New blood pressure guidelines for older adults stir controversy

Liz Seegert

About Liz Seegert

Liz Seegert (@lseegert), is AHCJ’s topic editor on aging. Her work has appeared in NextAvenue.com, Journal of Active Aging, Cancer Today, Kaiser Health News, the Connecticut Health I-Team and other outlets. She is a senior fellow at the Center for Health Policy and Media Engagement at George Washington University and co-produces the HealthCetera podcast.

Photo: Jasleen Kaur via Flickr

Photo: Jasleen Kaur via Flickr

Adults age 60 and older often struggle to keep their blood pressure in check. Revised guidelines from two leading medical groups may make it a little easier, but not without drawing fire from other health professionals.

Critics argue that the new target for adults over age 60 is too high, and delayed treatment could put more people at risk.

The American College of Physicians and the American Academy of Family Physicians now say a systolic pressure (the top number) below 150 mm Hg, is an appropriate target for healthy older adults. While those with a history of stroke or heart attack should maintain systolic pressure below 140, researchers said those in the 140-150 range may not necessarily need treatment. The groups argue that potential harms outweigh the potential benefits of additional treatment, CNN reported. That could mean thousands of patients stop or reduce their blood pressure medication.

The guidelines are based on a recent multi-study review, which concluded:

“Treatment to at least current guideline standards for BP (<150/90 mm Hg) substantially improves health outcomes in older adults. There is less consistent evidence, largely from 1 trial targeting SBP [systolic blood pressure] less than 120 mm Hg, that lower BP targets are beneficial for high-risk patients. Lower BP targets did not increase falls or cognitive decline but are associated with hypotension, syncope, and greater medication burden.”

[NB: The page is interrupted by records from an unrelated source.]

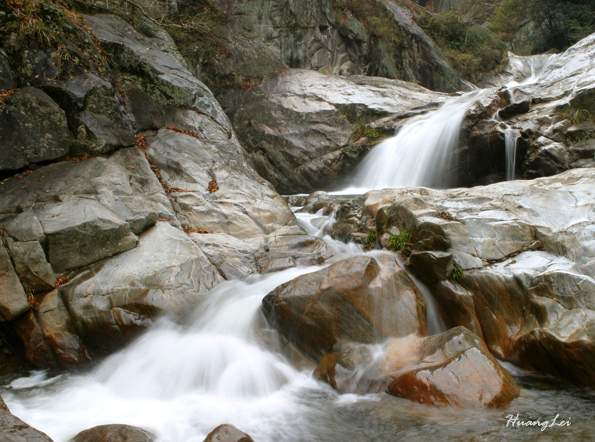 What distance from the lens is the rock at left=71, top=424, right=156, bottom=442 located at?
324cm

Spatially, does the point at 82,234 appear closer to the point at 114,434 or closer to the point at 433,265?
the point at 114,434

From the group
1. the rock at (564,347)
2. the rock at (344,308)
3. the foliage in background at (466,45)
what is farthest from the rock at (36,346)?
the foliage in background at (466,45)

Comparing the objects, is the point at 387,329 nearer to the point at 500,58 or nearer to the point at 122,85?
the point at 122,85

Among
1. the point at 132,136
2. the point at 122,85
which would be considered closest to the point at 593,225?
the point at 132,136

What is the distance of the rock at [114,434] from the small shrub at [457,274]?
422 cm

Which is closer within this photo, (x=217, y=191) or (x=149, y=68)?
(x=217, y=191)

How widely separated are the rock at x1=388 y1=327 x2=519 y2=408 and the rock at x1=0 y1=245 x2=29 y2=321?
15.8ft

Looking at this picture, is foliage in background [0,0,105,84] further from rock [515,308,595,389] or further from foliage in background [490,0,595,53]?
foliage in background [490,0,595,53]

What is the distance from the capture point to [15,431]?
111 inches

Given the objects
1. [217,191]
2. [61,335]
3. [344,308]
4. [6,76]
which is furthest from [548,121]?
[6,76]

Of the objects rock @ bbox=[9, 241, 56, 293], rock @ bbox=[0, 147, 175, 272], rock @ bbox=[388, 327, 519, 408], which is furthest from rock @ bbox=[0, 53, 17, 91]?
rock @ bbox=[388, 327, 519, 408]

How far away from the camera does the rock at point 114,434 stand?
10.6 feet

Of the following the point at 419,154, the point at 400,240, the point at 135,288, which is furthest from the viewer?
the point at 419,154

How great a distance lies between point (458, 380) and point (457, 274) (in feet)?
6.03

One in three American adults has high blood pressure, which until now, was considered 140/90 millimeters of mercury or higher, according to the American Heart Association (AHA). Among U.S. adults age 60 and older, 65 percent have hypertension, “and only about half (52.5 percent) have controlled blood pressure levels,” as this Medscape article noted. High-risk individuals include those with diabetes, vascular disease, metabolic syndrome, or chronic kidney disease, as well as older adults. Left untreated, hypertension can lead to heart attacks, stroke, kidney failure and death. However, some medications, such as ACE Inhibitors, calcium channel blockers, diuretics and other compounds, can have serious side effects, including fainting or abnormal kidney function.

The AHA opposed a similar recommendation in 2014, according to this JAMA article. The association recommends that healthcare providers continue to follow existing guidelines for treating high blood pressure. “We believe there’s just not enough evidence at this point to justify such a significant change in how we treat people with high blood pressure,” Mariell Jessup, M.D. and AHA past president, said in a statement on the association’s website.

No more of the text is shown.